■ Dataset records:
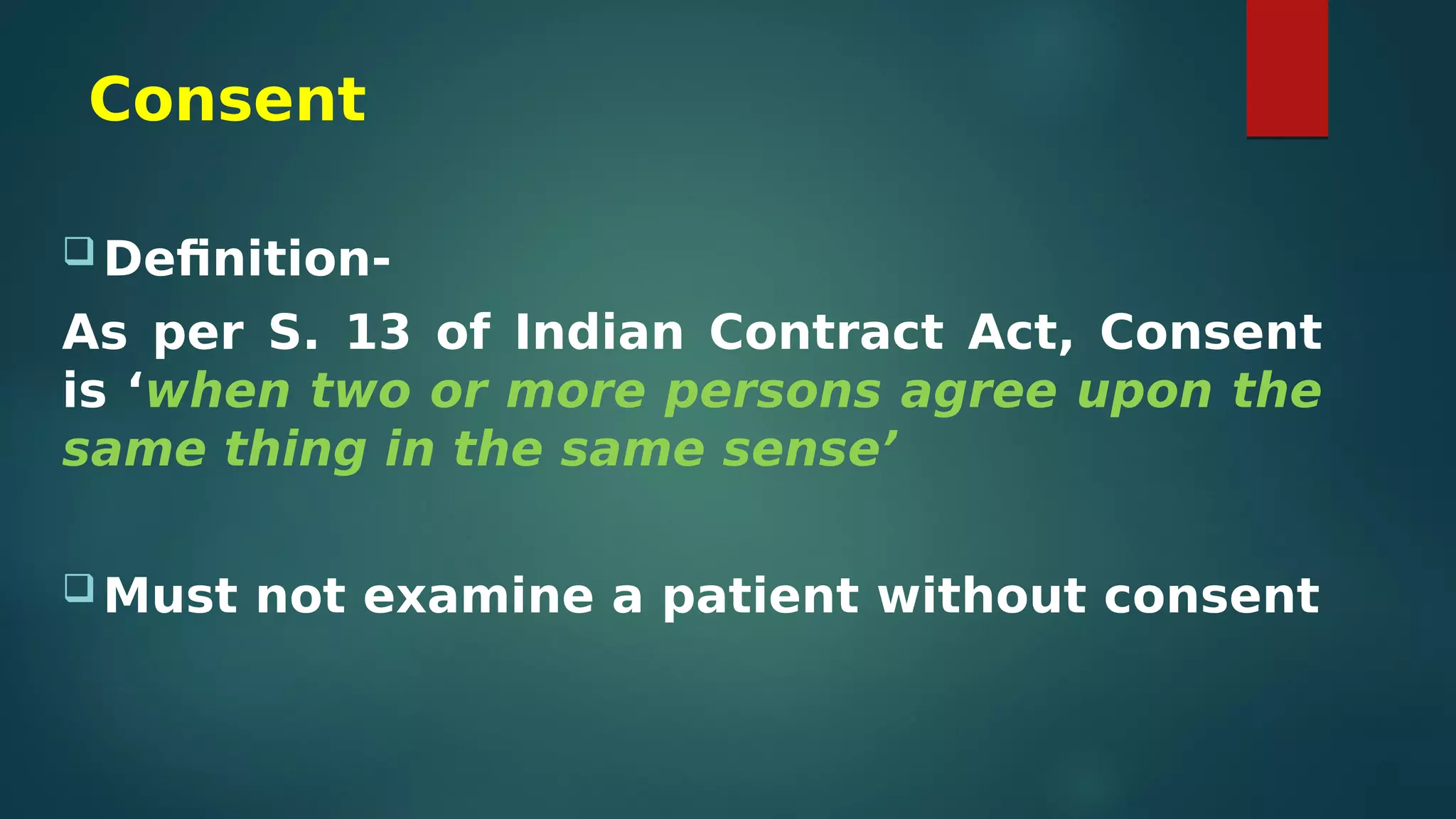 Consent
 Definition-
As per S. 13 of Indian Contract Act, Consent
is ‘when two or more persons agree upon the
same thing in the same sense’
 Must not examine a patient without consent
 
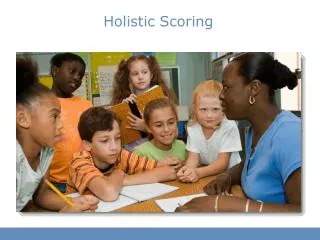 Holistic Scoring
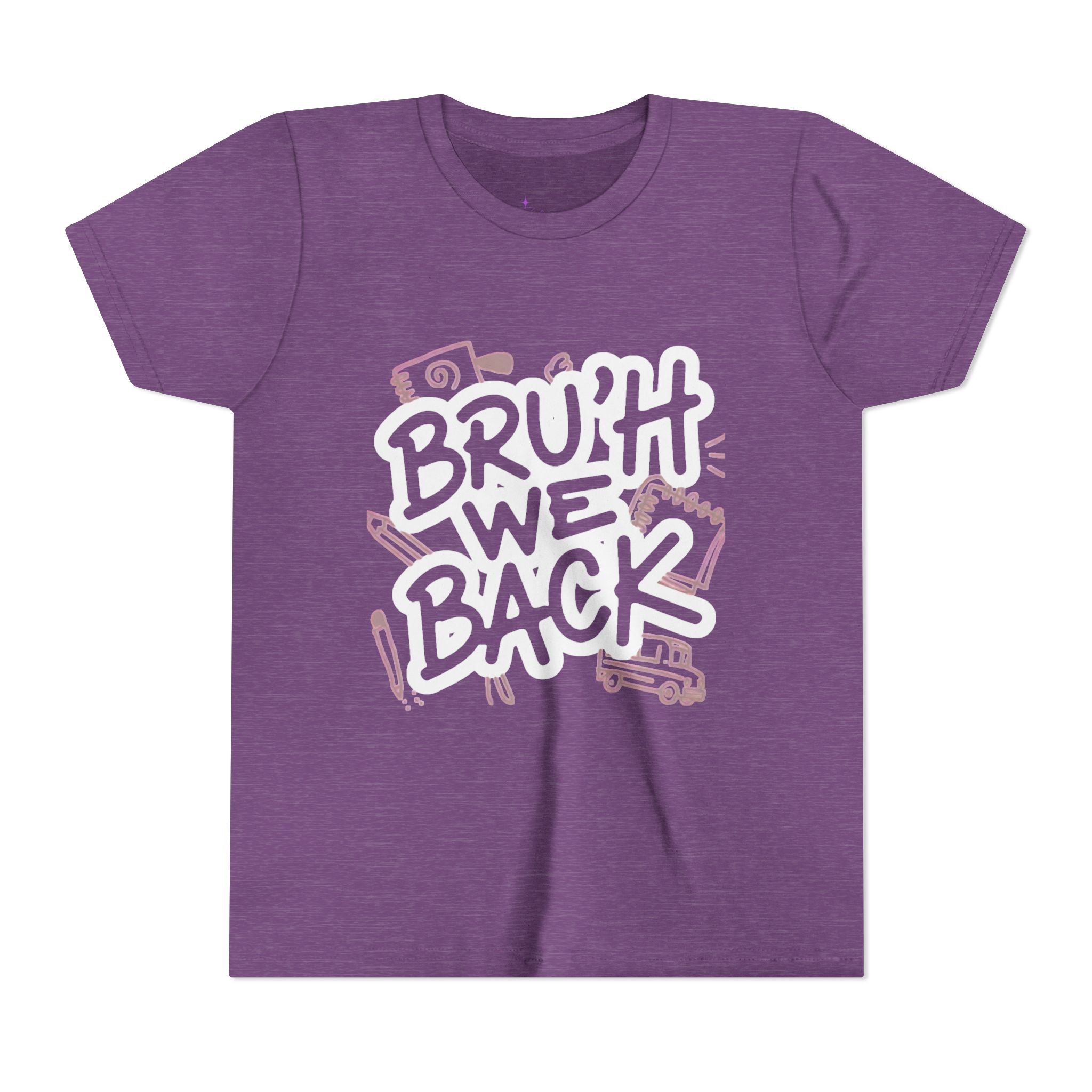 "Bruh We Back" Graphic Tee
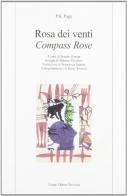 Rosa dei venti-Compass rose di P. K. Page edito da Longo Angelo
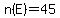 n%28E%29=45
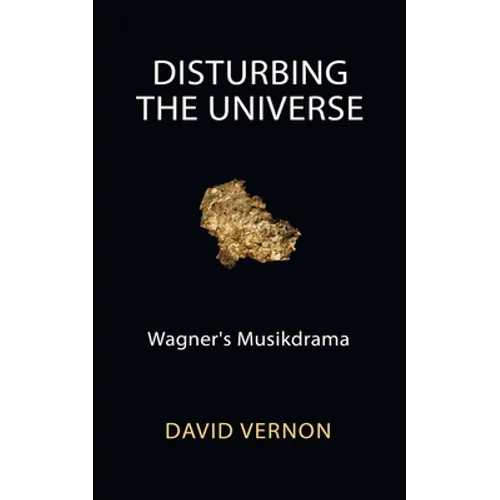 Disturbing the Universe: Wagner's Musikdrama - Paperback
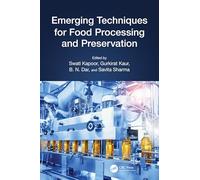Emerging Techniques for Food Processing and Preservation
---
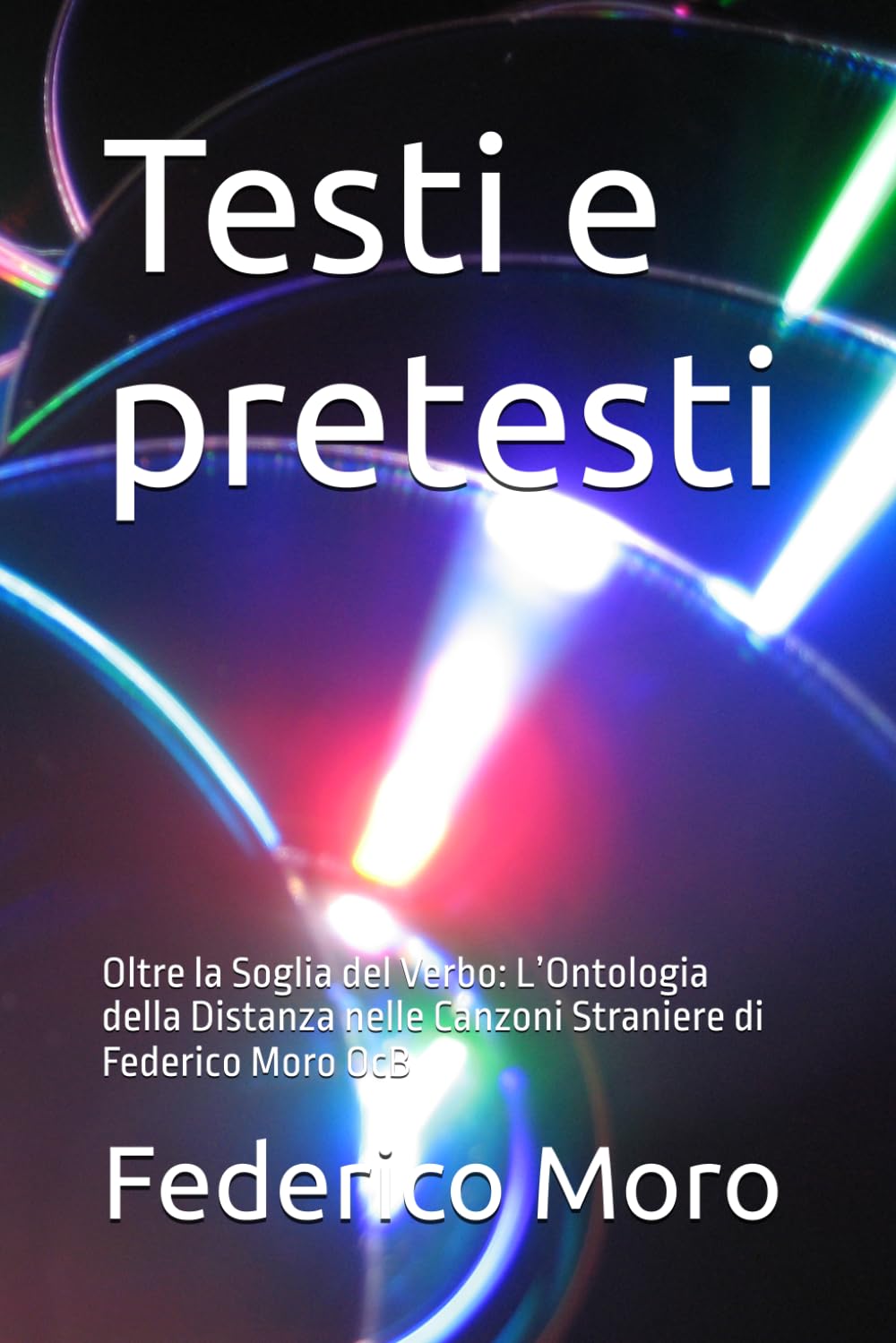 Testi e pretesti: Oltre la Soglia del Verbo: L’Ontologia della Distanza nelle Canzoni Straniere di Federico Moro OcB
* * *
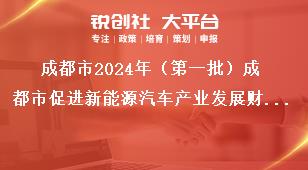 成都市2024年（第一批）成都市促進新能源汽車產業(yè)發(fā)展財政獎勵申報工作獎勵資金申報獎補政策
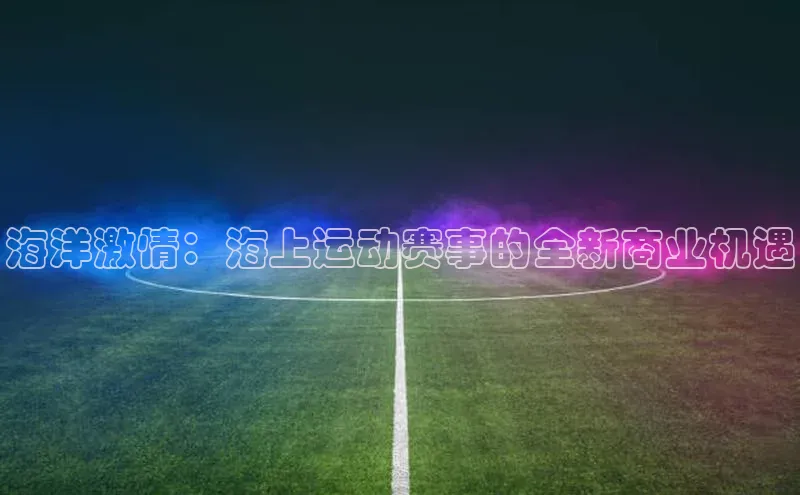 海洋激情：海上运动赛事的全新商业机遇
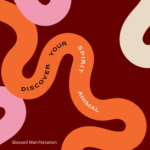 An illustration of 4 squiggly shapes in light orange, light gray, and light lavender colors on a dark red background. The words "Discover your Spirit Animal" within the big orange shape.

■ Problem to solve:
Transcribe exactly the lines above, beginning at the one with "patient without consent" and going up to and including the one with "Emerging Techniques for". Pictures do not belong in the copy.

■ Task result:
 Must not examine a patient without consent
 
 Holistic Scoring
 "Bruh We Back" Graphic Tee
 Rosa dei venti-Compass rose di P. K. Page edito da Longo Angelo
 n%28E%29=45
 Disturbing the Universe: Wagner's Musikdrama - Paperback
Emerging Techniques for Food Processing and Preservation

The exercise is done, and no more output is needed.